Vit D in Pre-Term Infants
This article outlines the consequences of inadequate vitamin D, calcium, and phosphorous intake that is especially problematic for premature infants. They conclude that:
1. Pre-term infants are at high risk of rickets.
2. Bone mineral biochemical tests should be done at 4-5 weeks age if birth weight is less than 1500 grams.
3. Serum APA (alkaline phosphatase) of 800-1000 IU/L or evidence of fractures suggests rickets and should prompt x-rays and treatment.
4. Persistent serum phosphorus less than 4 mg/dl should be followed and consider giving more phosphorus.
5. Babies with birth weights below 2 KG should be given human milk mineral fortification if breast feeding and premature formula if formula fed.
6. The very low birth weight babies should have their APA 2-4 weeks after discharge from the hospital.
7. When weight reaches 1500 grams and infants can tolerate feeds, vitamin D should be supplemented at 400 IU a day, up to a maximum of 1000 IU a day.
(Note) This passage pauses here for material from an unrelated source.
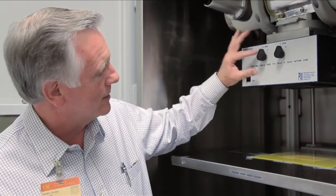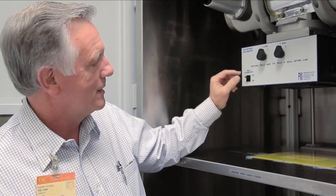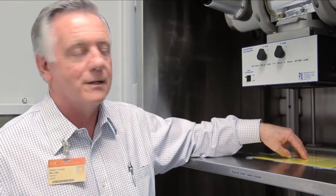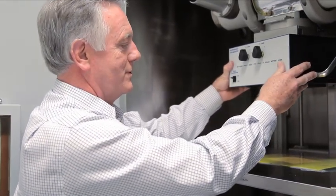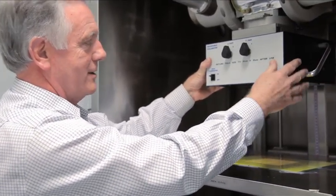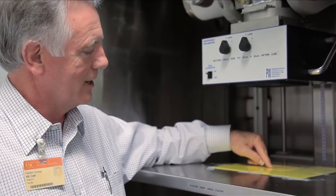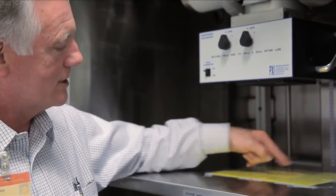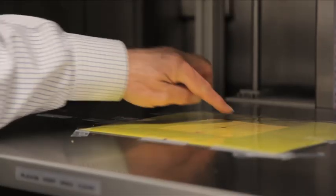This is the collimator that adjusts the field size. This is the switch that turns the light on and off. Generally, we leave the light on so you can see that you're actually in the field under radiation. The collimator can be moved and it's a good idea to check that it's centered. There is a plate here that shows a little X. The collimator has a crosshair and you can tell that the whole thing is properly square by matching the crosshairs with the X.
In Europe, all premature infants are given 1000 IU a day and this is certainly a better approach. In the abstract of this article they recommend premature infants get 200-400 IU a day vitamin D. I see no reason to wait and follow until rickets and bone fractures develop to start giving the right amount of calcium, phosphorus, and vitamin D. Absolutely everyone in this country is sub-optimal in their vitamin D status and most are outright deficient. Mom’s should be taking 5000 IU Vitamin D during pregnancy (my recommendation and that of other vitamin D experts, though not the current mainstream recommendations) so they will have higher levels in their newborns and breast milk. All infants, premature or not, should take 1000 IU a day.